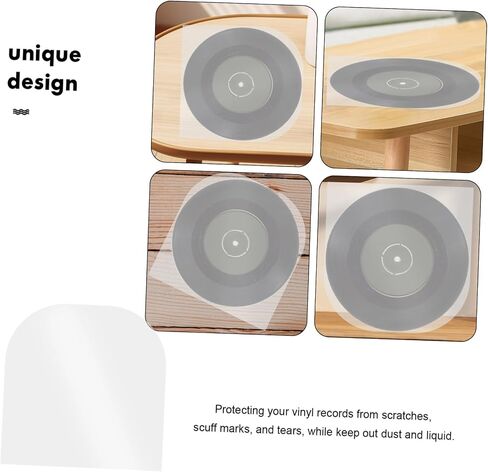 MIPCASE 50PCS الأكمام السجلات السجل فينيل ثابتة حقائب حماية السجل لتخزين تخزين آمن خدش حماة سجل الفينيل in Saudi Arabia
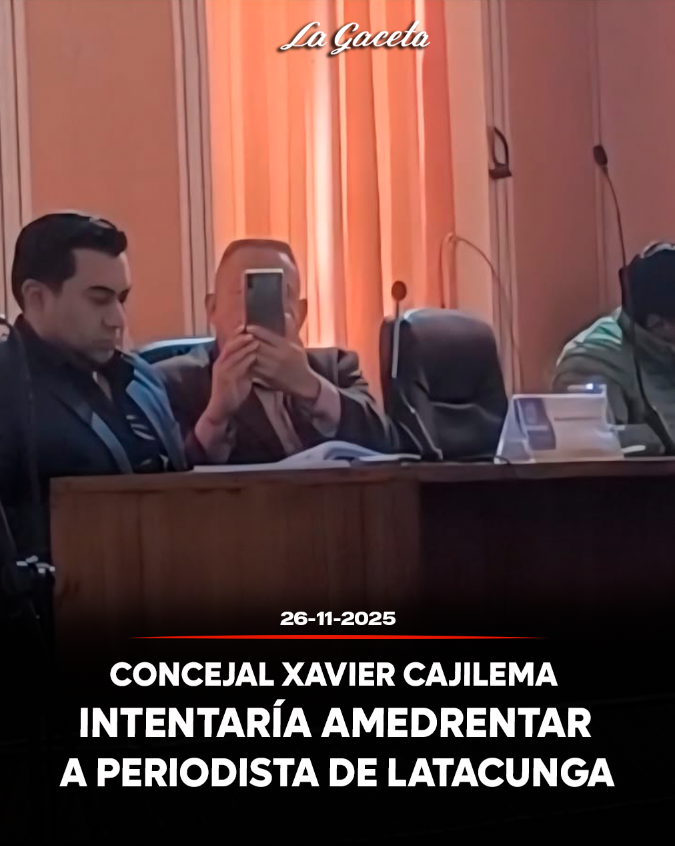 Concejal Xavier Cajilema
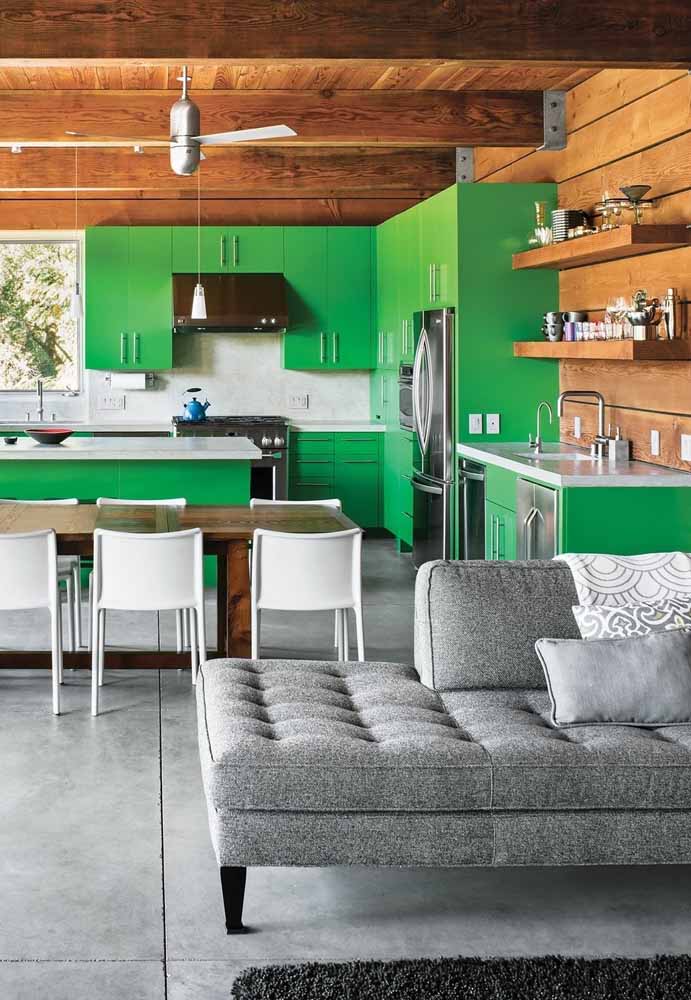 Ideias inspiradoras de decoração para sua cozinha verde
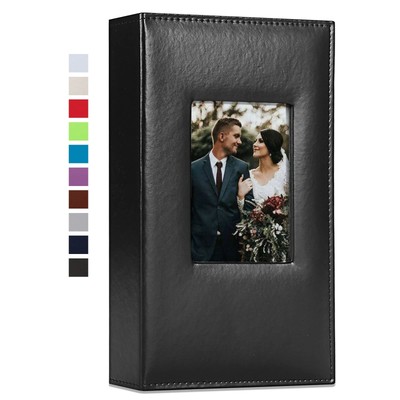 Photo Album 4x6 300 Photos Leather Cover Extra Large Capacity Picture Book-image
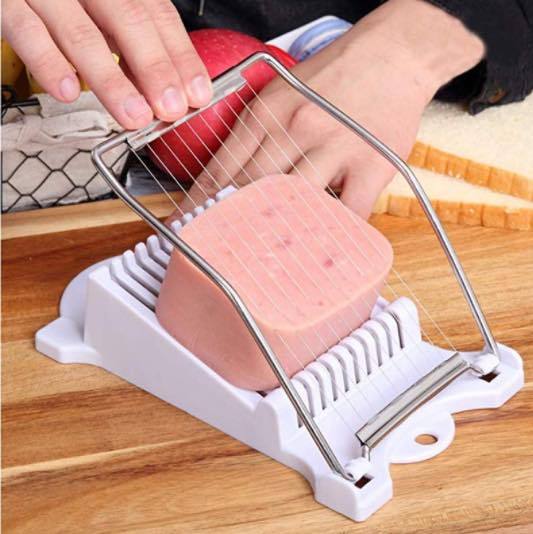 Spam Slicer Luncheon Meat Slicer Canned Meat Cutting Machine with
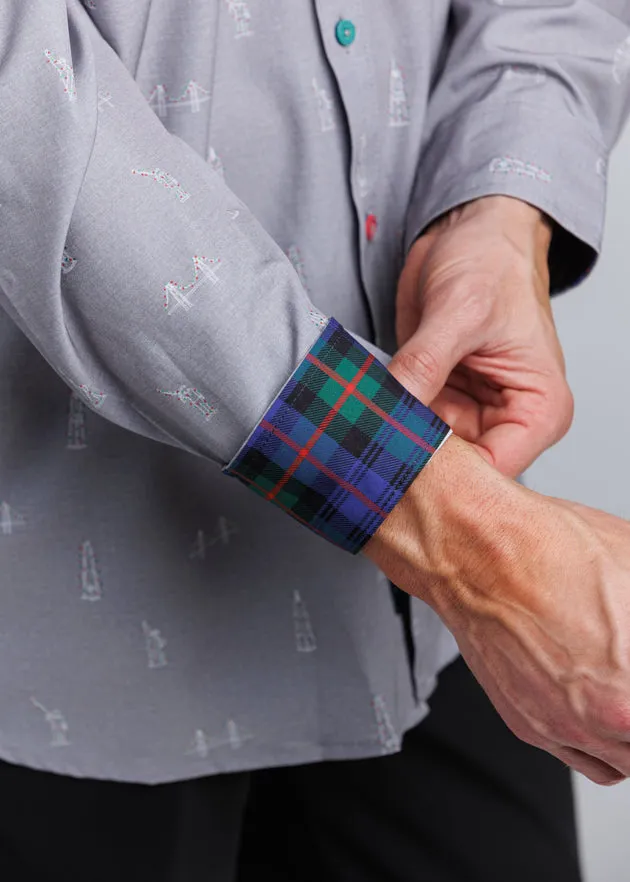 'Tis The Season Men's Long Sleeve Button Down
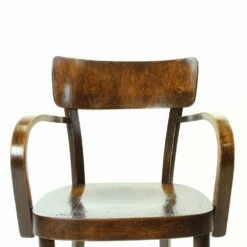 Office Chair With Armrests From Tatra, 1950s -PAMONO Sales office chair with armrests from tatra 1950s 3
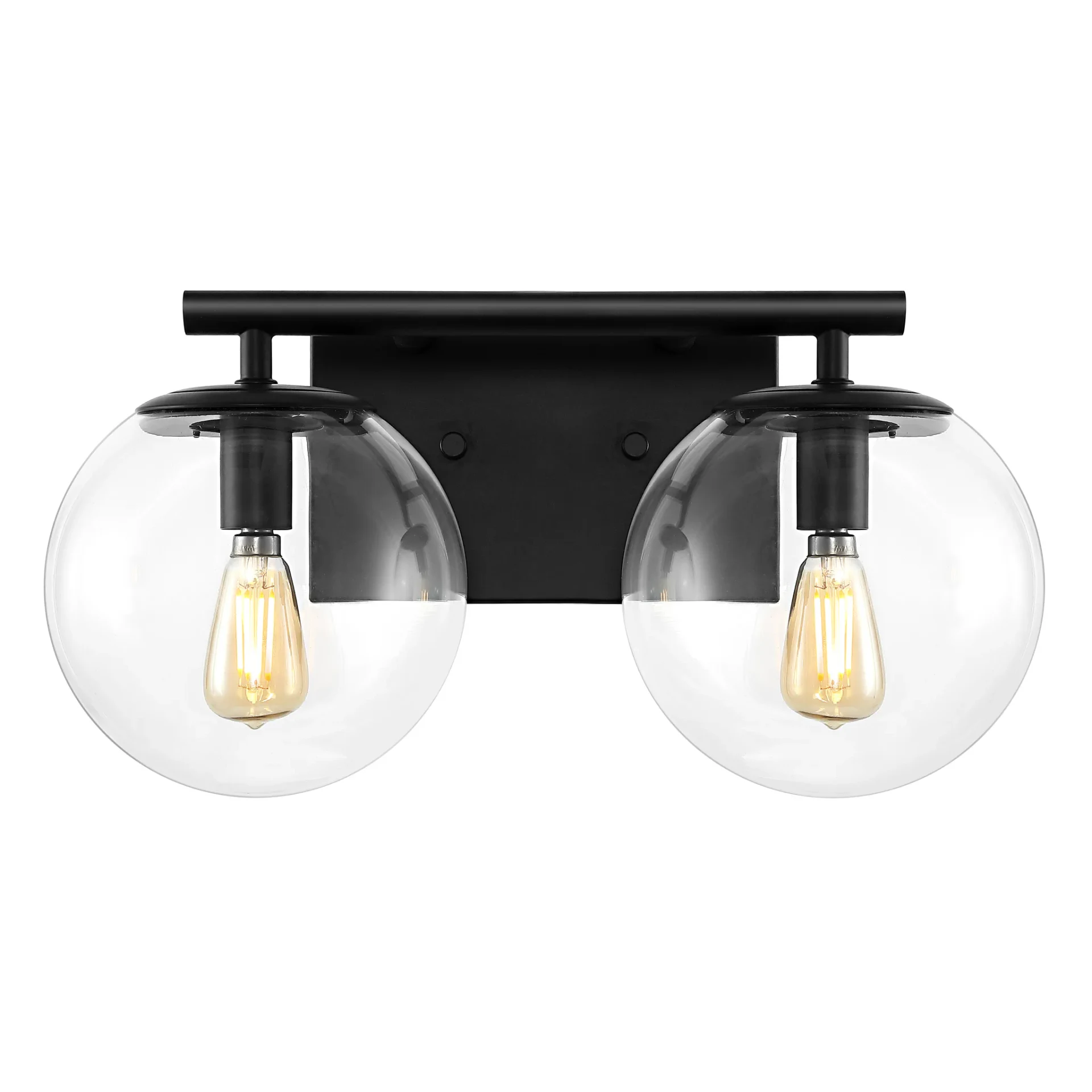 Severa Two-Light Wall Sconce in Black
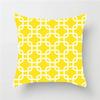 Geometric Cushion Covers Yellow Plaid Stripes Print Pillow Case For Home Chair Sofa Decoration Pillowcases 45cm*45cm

========================

• [Task brief] Skip the pictures. Write out exactly the lines from the one with "Severa Two-Light Wall Sconce in Black" through the last line of the listing, both ends included, and nothing more.

• [Written solution]
 Severa Two-Light Wall Sconce in Black
 Geometric Cushion Covers Yellow Plaid Stripes Print Pillow Case For Home Chair Sofa Decoration Pillowcases 45cm*45cm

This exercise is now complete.